In their past lives as graphic designers, the Parisian duo of Xavier de Rosnay and Gaspard Augé–collectively called Justice–learned all about the advertising industry, about how it can turn even the most stirring works of art into sterile commodities. In this ad-saturated era, anyone making conventionally beautiful art runs the risk of seeing that work become indistinguishable from the stuff marketers use to sell their wares. Under those circumstances, perhaps the only option left is to create objects so abrasive and misshapen they can't be easily consumed.
That seems to be the philosophy behind "Waters of Nazareth", which appears on Justice's recent debut album, (the title being an image of a cross).
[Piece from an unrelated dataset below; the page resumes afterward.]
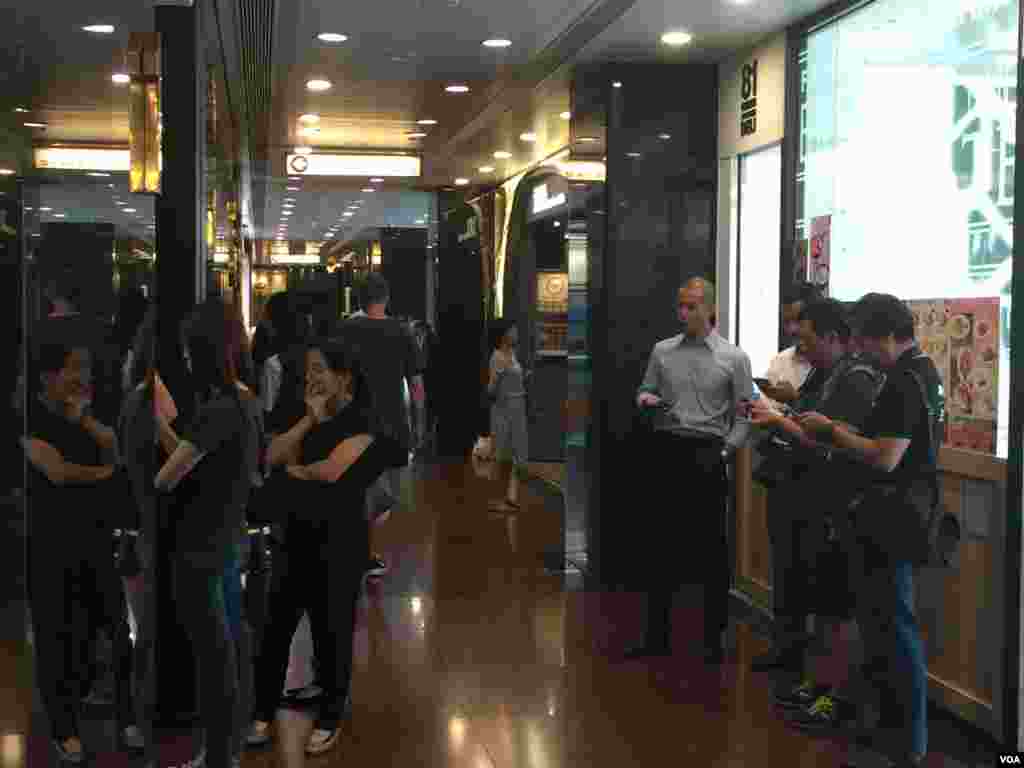 朝鲜＂脱北者＂滞留韩国驻港总领馆（美国之音海彦拍摄）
That song, a hit single in hipster-dance circles last year, sets what sounds like a pneumatic drill against shrill organs and a lumbering backbeat, reimagining dance music as a form of industrial brutalism. When Justice's label manager Pedro Winter recently told the Guardian that his Ed Banger Records roster was "making distortion musical[and] making noise funky", "Waters of Nazareth" is precisely what he had in mind.
"We want to create some new standards of what we think is beautiful, or what we think is listener-friendly, or club-friendly," says Justice's de Rosnay, reached at his Paris home. "That track, when we first played it, people were not dancing and it was not working at all. But at some point, people started to like it and then it became a standard for a really specialized style of electronic music. For us, to make something non-conventional, to make something totally ugly is a way to create new options and standards for what is seen as friendly music."
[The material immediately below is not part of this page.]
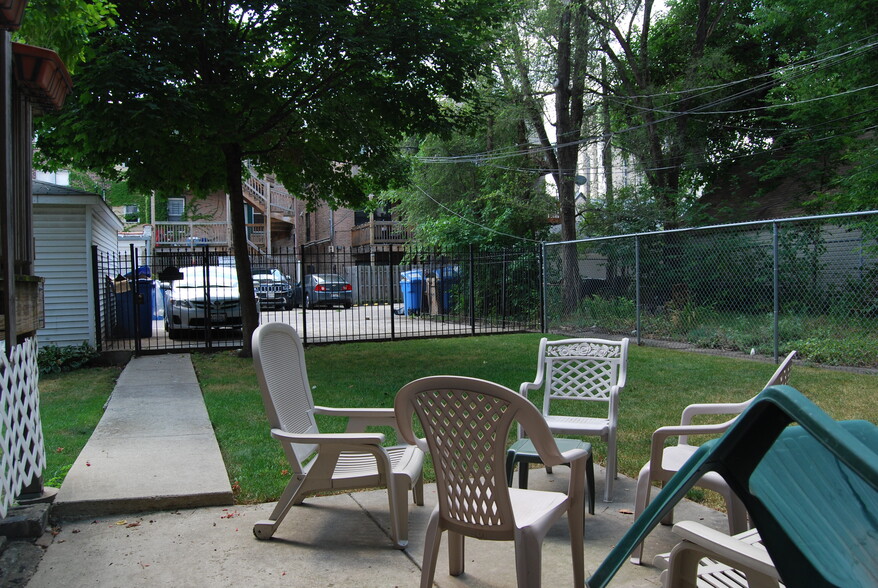 Patio/Backyard - 2143 W Potomac Ave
In theory, that rhetoric sounds almost avant-garde; in practice, though, de Rosnay and Augé are primitive to the extreme, about as sophisticated in their methods as the Ramones were. The recipe for the average Justice track goes something like this: take one near-deafening synthetic riff, bathe it in a vat of beery distortion, set it to a backbeat, and dust liberally with uncut coke. It's a formula that's about as subtle as a punch to the face–and that, says de Rosnay, is entirely the point.
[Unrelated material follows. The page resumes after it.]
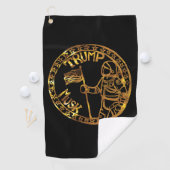 SERVIETTE DE GOLF TRUMP 2024 (En situation)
"The main thing I learned from graphic design is not to attach too much importance to beauty and skill and technique, and to always give more importance to simply communicating the main idea," he explains. "We are not the best producers ever; we just try to have one simple idea for every track. Sometimes we make tracks with just noise and distortion; it doesn't sound really friendly, but it's stronger because only the main idea gets through."
It's no overstatement to call Justice songs like "Waters of Nazareth" and "We Are Your Friends" generational anthems; both are anarchic and catchy, carried along by a kind of primal momentum that fills dance floors with a healthy mix of indie rockers, rap heads, and dance fanatics. Just about the only music fans Justice seems to turn off are house and techno purists, whose developed palates are simply overwhelmed by the duo's crude bombast. Playing the Frenchmen's music to these people is like serving chicken-fried steak to a roomful of foppish gourmands: once they've finished choking it down, they'll shit all over the chef.
"I cannot fight against the critics because it's true: we don't have a big background in dance music," de Rosnay allows. "In fact, we don't know anything about it. But this is exactly what excites us about making music. We don't know that much about how to write music or how to produce music, but it's so fucking exciting to create things without knowing how until you find your own system and your own ways of making stuff. I think this is what makes a big difference at the end."
In truth, it's not so much that Justice is totally ignorant of dance-music history; during their DJ sets, they always spin records by classic Detroit and Chicago artists like Inner City and Phuture. But the producers came to those songs only recently, having first heard dance music when most everyone else their age did: during its brief heyday on the radio and MTV in the late 1990s.
"We discovered electronic music when it was already mainstream, with acts like Chemical Brothers or Prodigy or the French equivalent, Daft Punk," says de Rosnay, 24. "At that time, we could not really see the difference between these types of music; it was just all one future music for us, because we were just kids. For us, it was all a new kind of rock 'n' roll.
"We discovered Daft Punk with 'Around the World', when they were already pop," he continues. "This is what links us to these bands–we are making music with computers and electronic equipment, but we hope it just sounds like modern pop music."
That's Justice, then–a pure pop spectacle. When, for example, they play Vancouver this weekend, the Frenchmen will be flanked on-stage by two ceiling-high stacks of Marshall amplifiers. Those amps are powerful icons, drawing Justice closer to AC/DC than to Daft Punk. But here's the thing: the amps are just props, empty boxes. In a way, they're like Justice's music itself, a middle finger to anyone who takes their dancing too seriously.
Justice plays a sold-out Commodore on Saturday (October 13).